Bütün hukuk sistemimiz “devleti korumak” üzerine kurulmuş, devleti ya da bir devlet kurumunu eleştirmek yasaklanmış, hâlâ 301. Madde gibi bir rezalet var.
İnsanları koruması için kurulan devlet sadece kendini koruyor ve kendini korumak için vatandaşlarını ölüme bırakmayı da mubah görüyor.
Devlet bu kadar önemsenince de siyaset, devleti yönetmek isteyenlerin kendi aralarındaki anlamsız bir yarışa dönüyor.
İnsan faktörü, insanın değeri, siyaset kavgasında kendine çok az yer bulabiliyor.
“İnsan” diye başlayan kaç nutuk dinlediniz?
Bir de düşünün, “devlet” diye başlayan kaç nutukla karşılaştınız?
Türkiye’de, “insan, devletten daha önemlidir” diyen bir muhalefet yok.
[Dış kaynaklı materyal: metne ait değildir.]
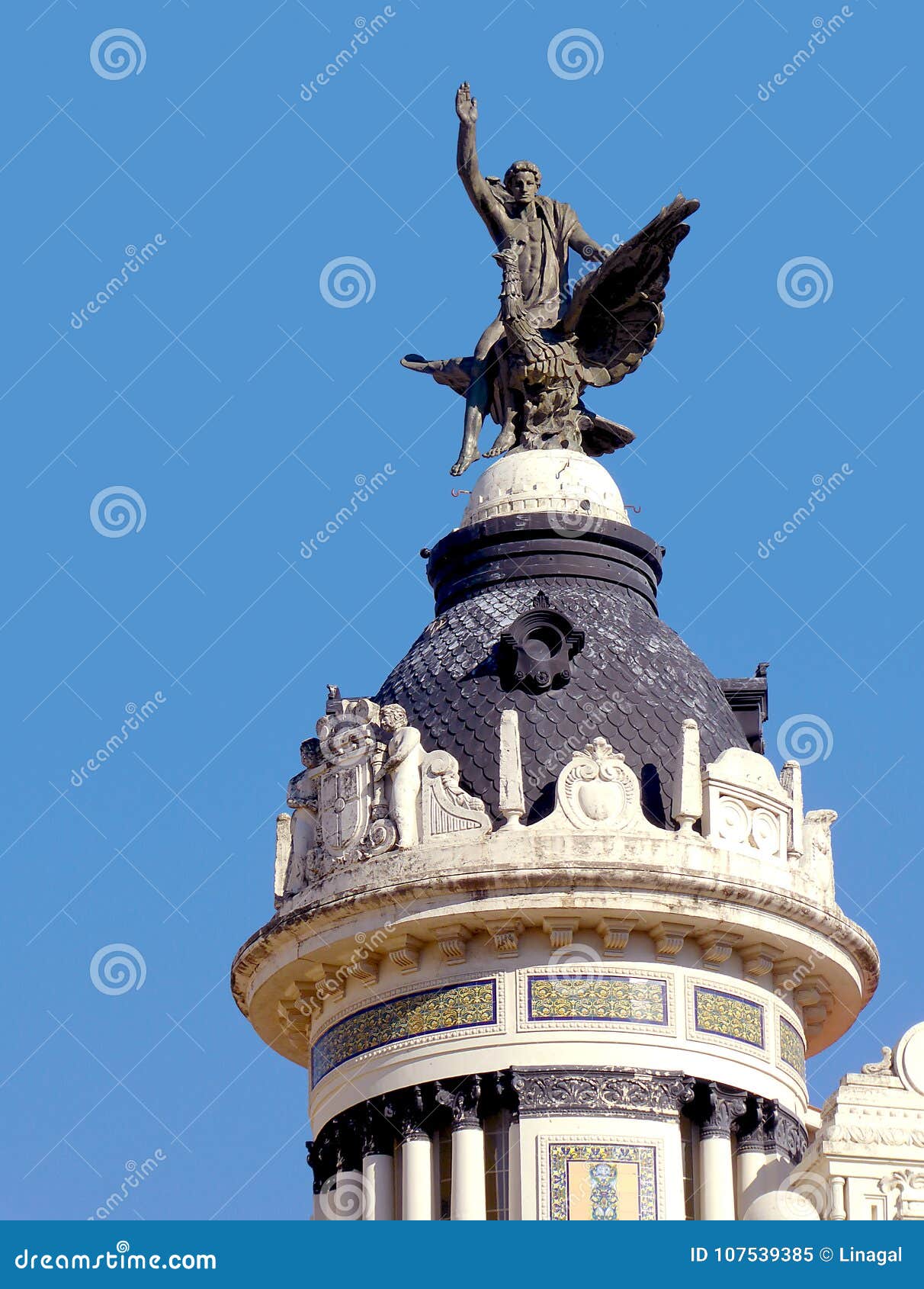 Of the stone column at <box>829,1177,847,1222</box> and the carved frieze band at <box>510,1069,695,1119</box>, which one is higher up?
the carved frieze band at <box>510,1069,695,1119</box>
Daha doğrusu Türkiye’nin içinde böyle bir muhalefet yok.
Bu muhalefet, Türkiye’ye dışarıdan yapılıyor.
Avrupa Birliği, bir örgütten öte bir anlayışı temsil ediyor, bu anlayış “insanın en kutsal değer olduğunu” söylüyor, insanı devletten daha değerli buluyor.